(DATA EXCERPT):

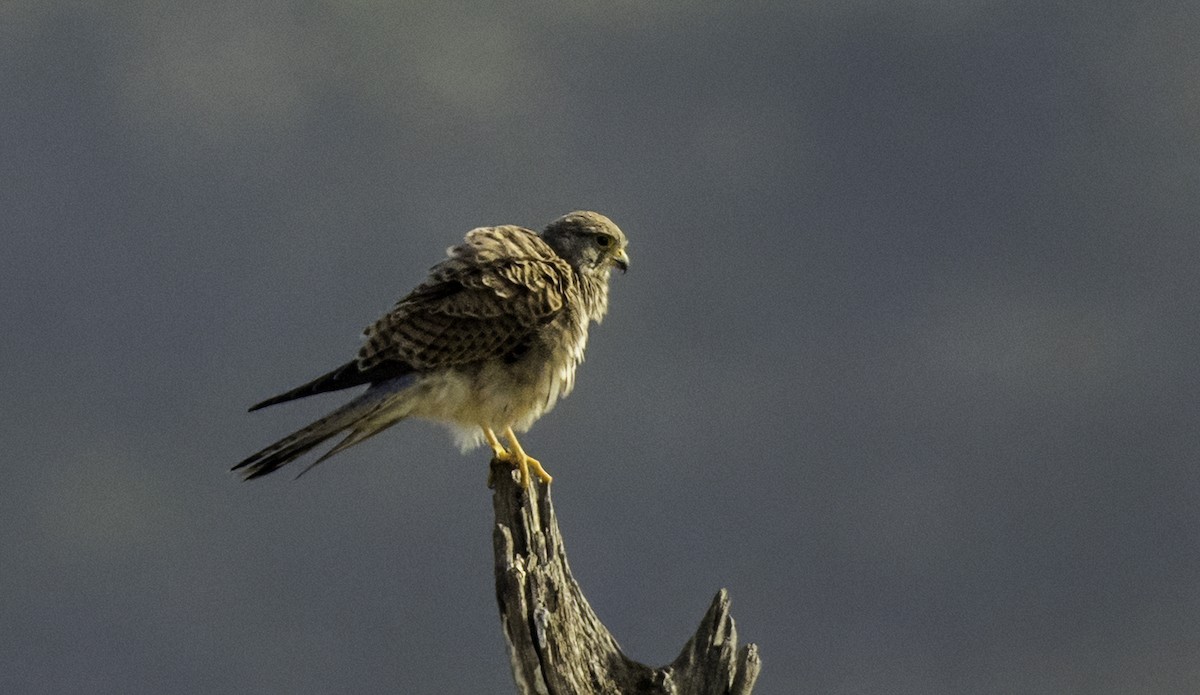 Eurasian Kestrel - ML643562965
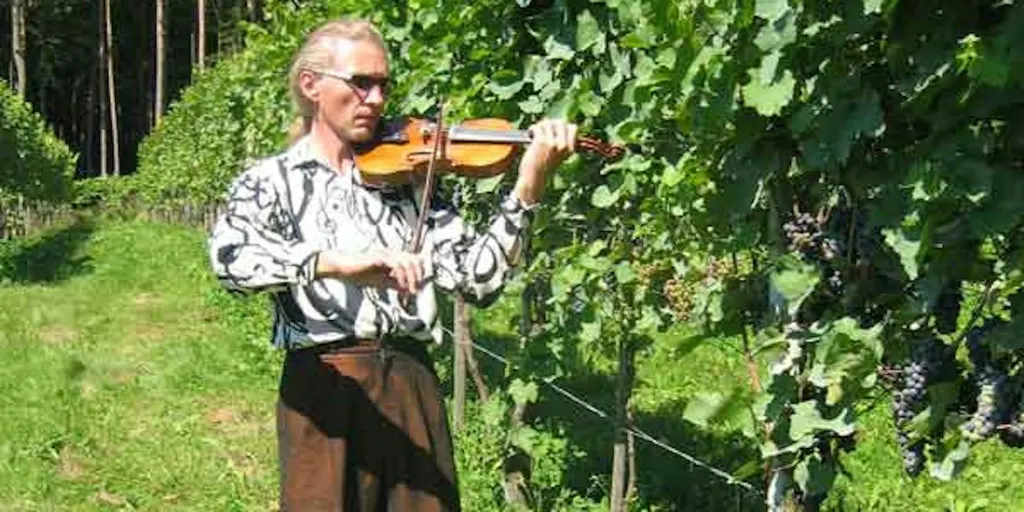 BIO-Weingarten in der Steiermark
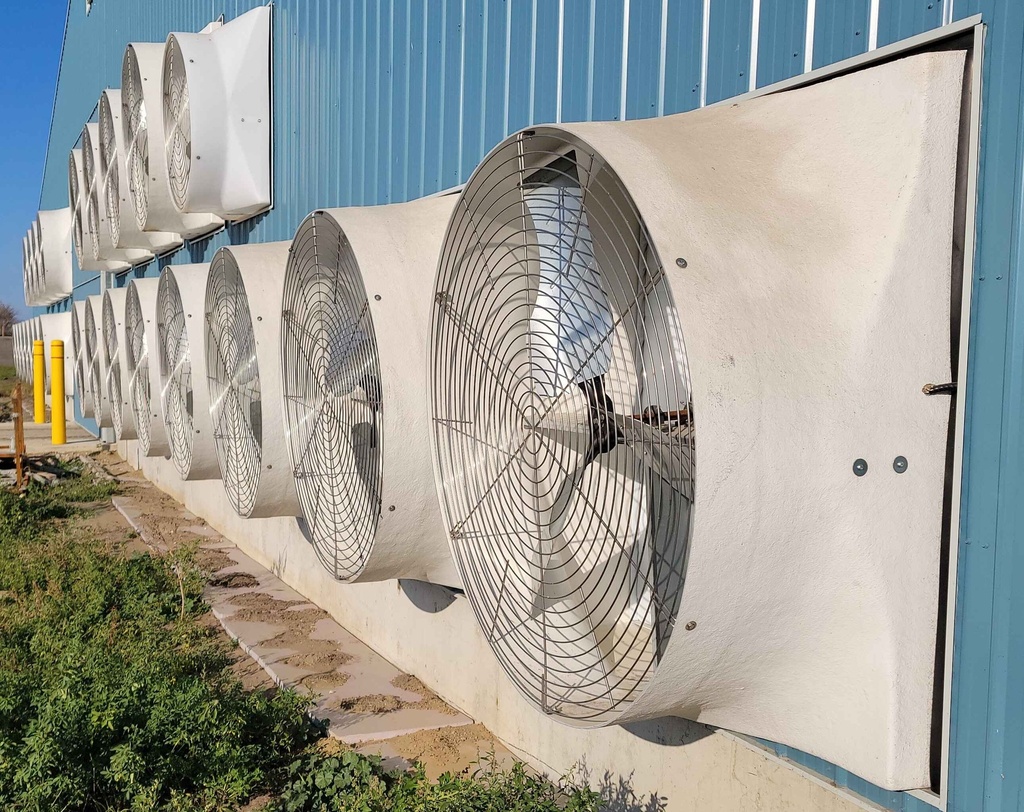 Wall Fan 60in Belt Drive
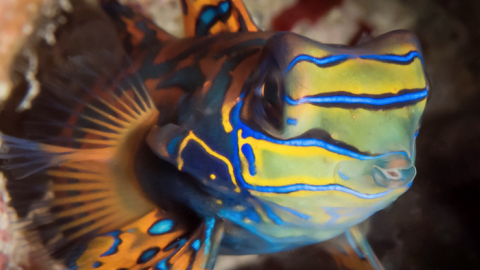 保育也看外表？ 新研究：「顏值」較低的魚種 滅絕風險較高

(EXERCISE OBJECTIVE):
Could you transcribe all of the data exactly and omit the pictures?

(ANSWER BELOW):
 Eurasian Kestrel - ML643562965
 BIO-Weingarten in der Steiermark
 Wall Fan 60in Belt Drive
 保育也看外表？ 新研究：「顏值」較低的魚種 滅絕風險較高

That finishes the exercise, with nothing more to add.